Here are the images that I plan on warping.
After coding up the warp calculator using a set of points and least squares to determine the most suitable homography, I was able to use the math to straighten images.
For this part I warp both images to the same plane and use a Laplacian pyramid to blend the images.
The individual warped images and their combination aligned with SSD are as follows.
Stitching the two parts of the parts of the image also using SSD values yields the following.
Running the same procedure on another set of images.
For automatic panorama generation, I started out finding the corners in the image. This was in the order of tens of thousands, so I used supression to get the corners for the images as follows. These images are generated by implementing a feature descriptor for each feature point and matching the feature discriptors between the two points by using an SSD metric to compare them.

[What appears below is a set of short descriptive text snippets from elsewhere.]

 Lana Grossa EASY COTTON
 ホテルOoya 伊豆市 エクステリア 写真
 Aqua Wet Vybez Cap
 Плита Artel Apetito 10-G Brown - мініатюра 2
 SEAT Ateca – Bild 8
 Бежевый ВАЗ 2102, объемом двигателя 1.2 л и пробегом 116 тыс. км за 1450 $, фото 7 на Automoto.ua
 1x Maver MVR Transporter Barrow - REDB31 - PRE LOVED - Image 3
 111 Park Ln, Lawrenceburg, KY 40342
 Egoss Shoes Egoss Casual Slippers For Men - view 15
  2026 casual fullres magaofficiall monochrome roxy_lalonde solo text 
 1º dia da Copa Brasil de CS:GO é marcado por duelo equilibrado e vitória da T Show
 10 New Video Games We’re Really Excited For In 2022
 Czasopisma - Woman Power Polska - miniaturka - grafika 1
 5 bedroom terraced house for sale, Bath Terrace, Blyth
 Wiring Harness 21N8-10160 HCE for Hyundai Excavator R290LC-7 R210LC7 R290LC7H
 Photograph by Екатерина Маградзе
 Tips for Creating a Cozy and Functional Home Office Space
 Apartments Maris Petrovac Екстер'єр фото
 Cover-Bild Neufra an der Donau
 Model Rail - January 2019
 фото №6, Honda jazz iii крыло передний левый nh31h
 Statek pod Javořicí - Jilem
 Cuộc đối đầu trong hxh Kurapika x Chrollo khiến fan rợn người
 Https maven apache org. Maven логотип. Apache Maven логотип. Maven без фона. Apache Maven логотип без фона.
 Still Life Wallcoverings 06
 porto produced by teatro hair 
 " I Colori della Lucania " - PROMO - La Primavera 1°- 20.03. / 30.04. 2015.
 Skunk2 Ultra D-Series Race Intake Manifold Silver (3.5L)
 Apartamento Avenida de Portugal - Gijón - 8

The features I used are normalized and demeaned for best comparison accuracy.
I then pick the points with a ratio between second best match and best match of less than 0.2, which yields the following points. I run a RANSAC to compute a homography and use the procedure I wrote in the first part of the project to compute a homography.
Here are the results of my homography.
The following is the mask I use in the Laplacian blend of the two images.
In this project I learned that linear transformations are able to transform pictures taken from different angles from the same location into all sorts of different angles and scalings to make them fit on a certain surface. Linear algebra yields important tools that allows us to cast objects to affine shapes while preserving the relative position of the object with the environment around them.
In the second part of the project I learned that we can use SSD to match features. Using these features and a neat way of computing match ratios, we can give our RANSAC the best possible candidates for a homography computation. This set of points and the homography computed can then be subject to linear algebra methods that allow us to project one image to the other completely automatically.